• PROBLEM STATEMENT
From the listing below, copy only the lines running from the line that contains "2045 N Silver" to the line that contains "Zimmer mit Queensize-Bett", both included.

• SOURCE RECORDS
++++++

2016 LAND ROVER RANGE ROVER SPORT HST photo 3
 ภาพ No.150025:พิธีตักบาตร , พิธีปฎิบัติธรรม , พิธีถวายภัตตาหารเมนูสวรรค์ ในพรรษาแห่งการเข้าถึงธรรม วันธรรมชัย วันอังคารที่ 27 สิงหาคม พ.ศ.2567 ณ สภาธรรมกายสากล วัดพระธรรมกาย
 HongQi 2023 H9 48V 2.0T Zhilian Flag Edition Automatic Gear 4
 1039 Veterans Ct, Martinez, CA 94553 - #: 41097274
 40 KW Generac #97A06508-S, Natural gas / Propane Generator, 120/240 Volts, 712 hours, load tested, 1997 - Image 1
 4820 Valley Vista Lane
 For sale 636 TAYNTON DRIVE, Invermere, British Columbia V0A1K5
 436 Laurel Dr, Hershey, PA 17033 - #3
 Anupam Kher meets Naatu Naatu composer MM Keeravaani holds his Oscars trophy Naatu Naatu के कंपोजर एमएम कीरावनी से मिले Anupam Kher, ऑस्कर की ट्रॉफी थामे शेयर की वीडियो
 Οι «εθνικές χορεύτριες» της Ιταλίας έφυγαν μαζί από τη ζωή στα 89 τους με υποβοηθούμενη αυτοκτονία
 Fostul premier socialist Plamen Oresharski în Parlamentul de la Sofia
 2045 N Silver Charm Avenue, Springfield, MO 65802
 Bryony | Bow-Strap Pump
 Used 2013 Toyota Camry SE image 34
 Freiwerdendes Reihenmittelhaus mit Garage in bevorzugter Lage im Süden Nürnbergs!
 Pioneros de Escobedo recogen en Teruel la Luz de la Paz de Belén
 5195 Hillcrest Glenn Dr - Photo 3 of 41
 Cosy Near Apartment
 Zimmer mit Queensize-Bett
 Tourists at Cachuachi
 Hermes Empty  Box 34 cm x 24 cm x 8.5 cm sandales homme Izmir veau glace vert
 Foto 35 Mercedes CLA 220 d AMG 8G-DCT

++++++

• TASK OUTPUT
 2045 N Silver Charm Avenue, Springfield, MO 65802
 Bryony | Bow-Strap Pump
 Used 2013 Toyota Camry SE image 34
 Freiwerdendes Reihenmittelhaus mit Garage in bevorzugter Lage im Süden Nürnbergs!
 Pioneros de Escobedo recogen en Teruel la Luz de la Paz de Belén
 5195 Hillcrest Glenn Dr - Photo 3 of 41
 Cosy Near Apartment
 Zimmer mit Queensize-Bett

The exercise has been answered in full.